Is it Possible to /pull?id=xx from multiple clients without loosing data?


#1

I am running two separate clients from different machines to pull data from DataSift to pass on to different processors.

Method I used is:

  1. I use stream/hash to create new ID for respective stream using API /push/create
  2. Then I use this ID to make pull requests /pull?id=

When I run single client then everything is good.

But when I start second client with same DataSift username & API Key; the second client sometimes get data but most of the times 0 interactions (no data); How can I fix this problem?

“I don’t want to loose the data and want to pull data from multiple clients”


#2

You will need to use the cursor parameter. When you make your first /pull call, DataSift returns a cursor to allow you to make that same pull again, and a cursor to let you know what the next payload is. As long as you can keep these cursors synchronized between your two clients, you should be able to ensure that you pull the same data across both clients. Without using the cursor, if client 1 makes a /pull request, then the other client makes a request, it will be given a different payload.
Alternatively, it is possible to consume the same filter hash multiple times for no additional cost. This means you can create the same Push subscription twice; once for each client, and consume each subscription independently.


#3

Thanks for inputs.

Is there any limitation to this? like I can create 4 or 5 Push subscription to consume independently or it’s unlimited as far as respective filter hash exists?


#4

There is a 200 active Push subscription limit overall on your account.


#5

Hey, I have created same PUSH subscription (i.e. using same hash/stream) to consume data independently; But after some time other PUSH subscriptions go aways and only one PUSH subscription stays per unique hash/stream stays;

For ex. I have “hash1”; using this I created:
hash1 -> id1 -> /pull?id=id1
hash1 -> id2 -> /pull?id=id2
hash1 -> id3 -> /pull?id=id3
When I checked PUSH subscription using /push/get API I got 3 which is good and status was "active"
When I checked after couple of hours using /push/get API; Only one PUSH subscription was left and rest of 2 PUSH subscriptions were gone.

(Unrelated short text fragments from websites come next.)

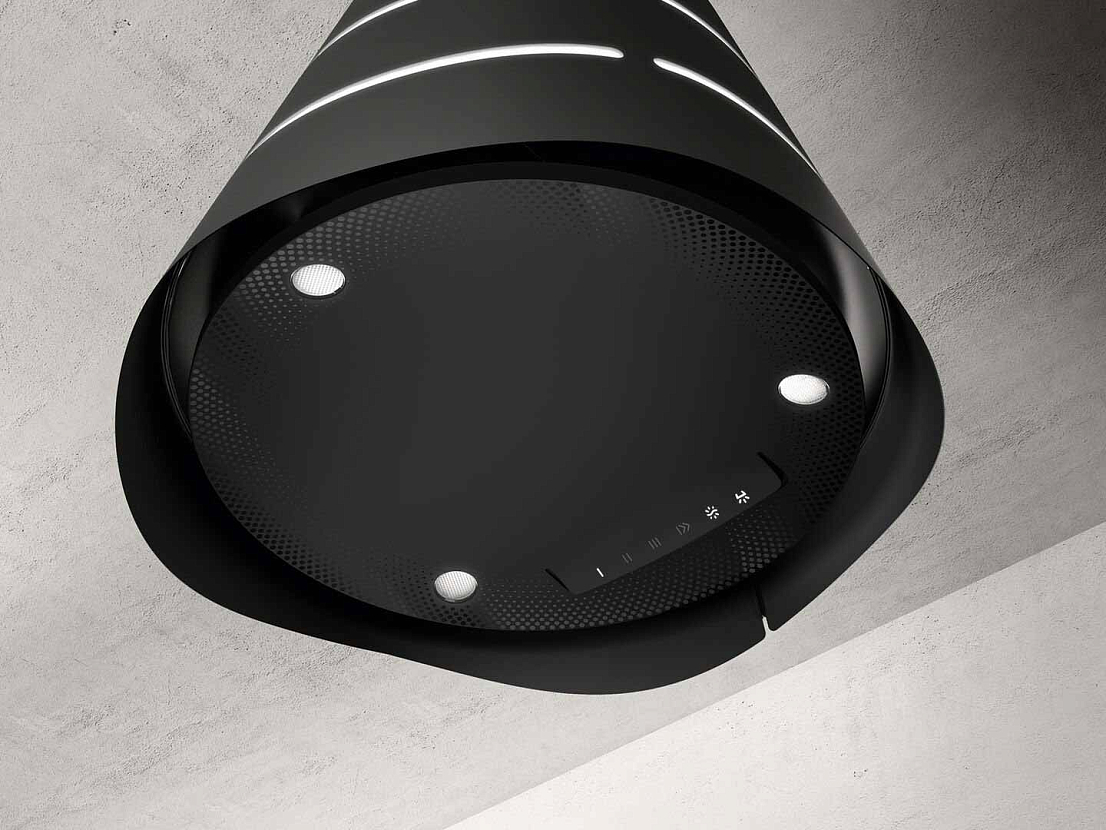 картинка Кухонная вытяжка Elica WAVE UX BL MAT/F/51  картинка Кухонная вытяжка Elica WAVE UX BL MAT/F/51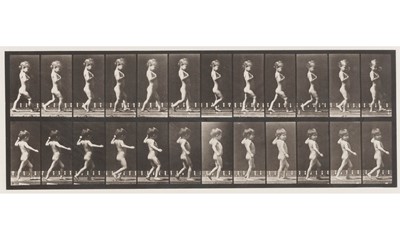 Lot 3009 - Edward Muybridge. Young boy from Human and Animal Locomotion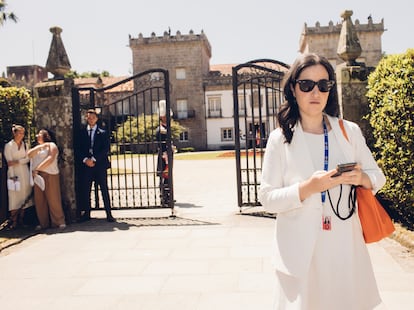 La diplomática Lola Casariego, coordinadora de la cumbre de Vigo.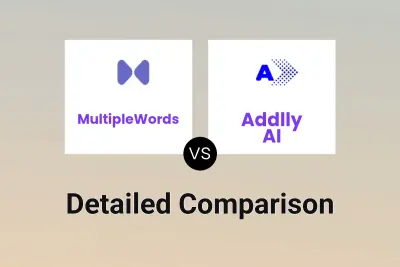 MultipleWords vs Addlly AI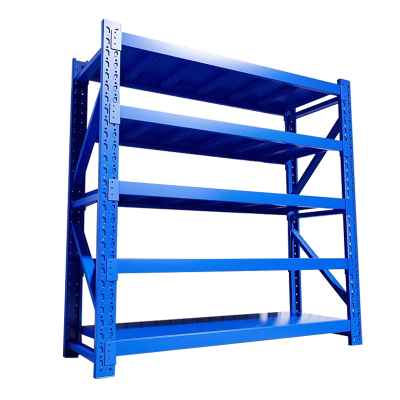 奇桄烁货架五层150*60cm蓝色组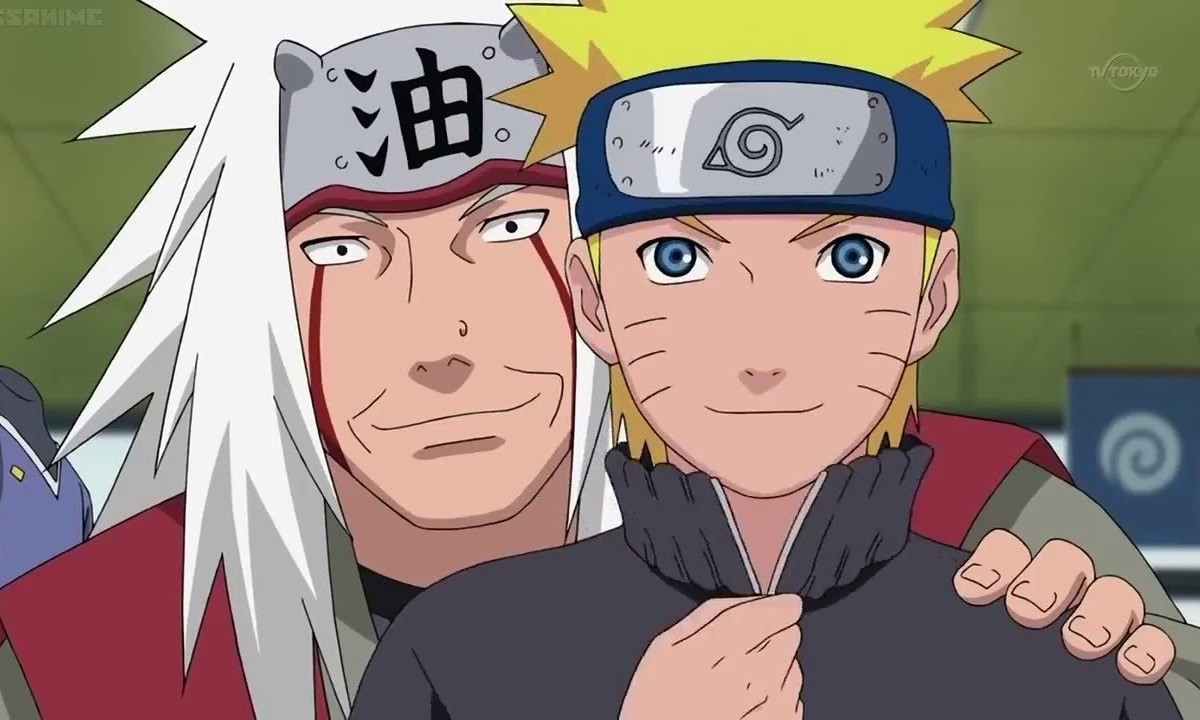 Boruto Naruto Jiraiya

Would you please let me know why this is happening? Do I need to do anything extra?


#6

You do need to ensure that you pull from Pull subscriptions frequently; A Push subscription will only remain active if you continue to consume data from it. You only need to consume data once every hour at the absolute minimum (we recommend pulling as often as you can), but if you go more than an hour without making a successful /pull request, the subscription will come to an end.
It is also worth confirming that you are not making any calls to /push/stop for these subscriptions; this will obviously stop the subscriptions.


#7
  • I did re-verified the frequent data consumption from respective subscription_id; Yes, data is getting consumed many times in an hour and is continuous process.
  • No call to /push/stop for respective subscriptions.

I have question:
If my subscription filter hash/stream hasn’t got any data in an hour; so subscription_id created using same hash will not have anything to deliver for an hour;
Will this scenario force all subscription_ids which are using same hash/stream to finish & die except one (that’s why always only one ‘id’ remains per hash/stream?


#10

If your subscription does not match any interactions in an hour, this should not have any effect on whether the subscription stays alive or not; you simply need to make /pull requests to ensure that the subscription stays alive, regardless of whether your subscription has any data to deliver or not.
I’ve been running some tests with multiple /pull subscriptions, and so far have not seen either of my subscriptions drop off; they have both been running for a couple of hours now. I set up my Pull subscriptions via a curl command similar to:

curl 'https://api.datasift.com/v1/push/create?username=USERNAME&api_key=API_KEY&hash=HASH&name=PULL_TEST&output_type=pull'

I then ensure I pull data every 30 seconds by wrapping a curl command a watch command:

watch -n30 "curl 'https://api.datasift.com/v1/pull?username=USERNAME&api_key=API_KEY&id=SUB_ID' >> rr1.json"

If a Push subscription were to stop due to some error, this error should be logged in the /push/log. We are also looking to add more metadata about the status of your subscriptions to the /push/log, such as events like “A stop request was received” to make it a little clearer why Push subscriptions may be in the state they are in.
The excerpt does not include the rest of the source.